Your answer must consist of exactly the lines below, starting with the line with "view of front" and going on through the line with "istock Fresh vegetable", and nothing else.

(Beginning of Supplied data)

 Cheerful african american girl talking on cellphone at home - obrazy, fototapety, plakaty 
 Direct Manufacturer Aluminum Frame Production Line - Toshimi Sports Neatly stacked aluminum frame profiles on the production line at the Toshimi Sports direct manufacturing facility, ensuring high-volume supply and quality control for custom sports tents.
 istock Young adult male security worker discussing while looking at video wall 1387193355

(End of Supplied data)
(Beginning of Supplied data)

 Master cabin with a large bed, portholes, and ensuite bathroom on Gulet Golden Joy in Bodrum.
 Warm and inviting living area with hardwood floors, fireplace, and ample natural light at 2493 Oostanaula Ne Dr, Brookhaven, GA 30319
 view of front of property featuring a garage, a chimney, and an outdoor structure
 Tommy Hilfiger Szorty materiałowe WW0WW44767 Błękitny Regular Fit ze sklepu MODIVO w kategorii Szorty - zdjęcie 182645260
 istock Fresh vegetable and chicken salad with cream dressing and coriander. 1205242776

(End of Supplied data)

- _Written solution_
 view of front of property featuring a garage, a chimney, and an outdoor structure
 Tommy Hilfiger Szorty materiałowe WW0WW44767 Błękitny Regular Fit ze sklepu MODIVO w kategorii Szorty - zdjęcie 182645260
 istock Fresh vegetable and chicken salad with cream dressing and coriander. 1205242776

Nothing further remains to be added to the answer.